I would like help understanding how multiple pipelines defined in pipelines.yml work together. I originally had a single pipeline defined by commands-pipeline.conf file. I then introduced a new pipeline in commands-raw-pipeline.conf. I expected events to be processed by both pipelines, but it seems that an event is either processed by one pipeline or the other, not both. Is this expected?

Some details:

  • Each pipeline listens on a different port and the only FileBeat instance is configured to ship to both ports
  • Each pipeline processes the same data in similar ways. The first uses aggregates and the second does not. Otherwise, they set some of the same fields and some different fields
  • Both pipelines output to the same index with the same parameters except a different data_stream_dataset.

Here's my pipelines.yml:

- pipeline.id: commands-aggregated
  path.config: "/etc/logstash/conf.d/commands-pipeline.conf"
  pipeline.workers: 1
- pipeline.id: commands-raw
  path.config: "/etc/logstash/conf.d/commands-raw-pipeline.conf"

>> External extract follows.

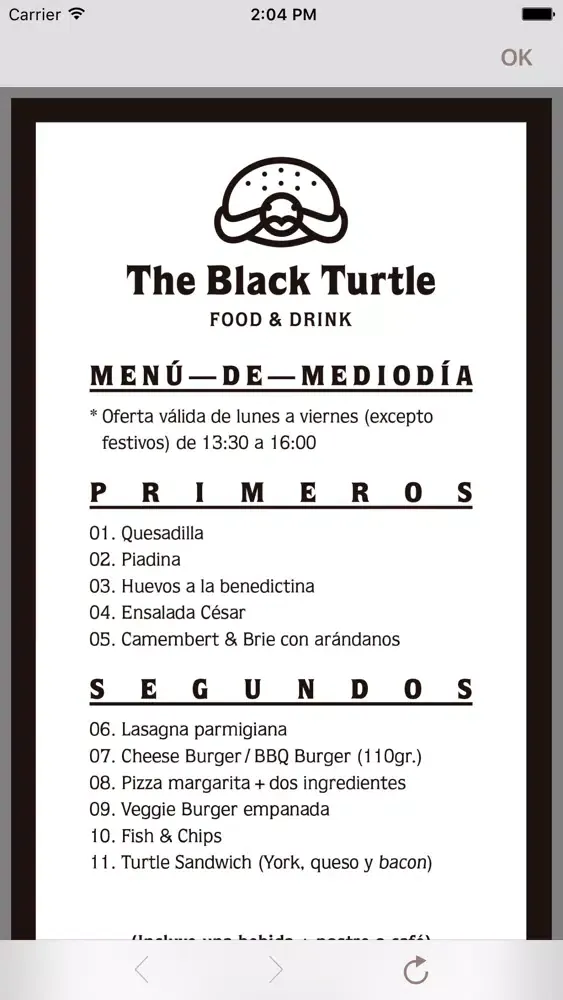 Ảnh chụp màn hình của The Black Turtle - Alameda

Going forward I plan to route the new pipeline to a new index and perhaps deprecate the original pipeline, but I still want to understand this behavior.

Yes, it is expected.

If you want data processed by multiple pipelines then use pipeline to pipeline communication with a forked path pattern.

Thank you, Badger, that documentation is useful.

I think the other piece I misunderstood was my Filebeat output configuration. As I mentioned, I had each pipeline listening on a different port and Filebeat was sending to both ports. Well, according to documentation, Filebeat doesn't send to both hosts. Instead, it sends to either in a round-robin fashion. This would explain why each event was processed by only one of my two pipelines.
Example of my Filebeat output config:

output.logstash:
  hosts: ["my-es.demo.com:5044", "my-es.demo.com:5045"]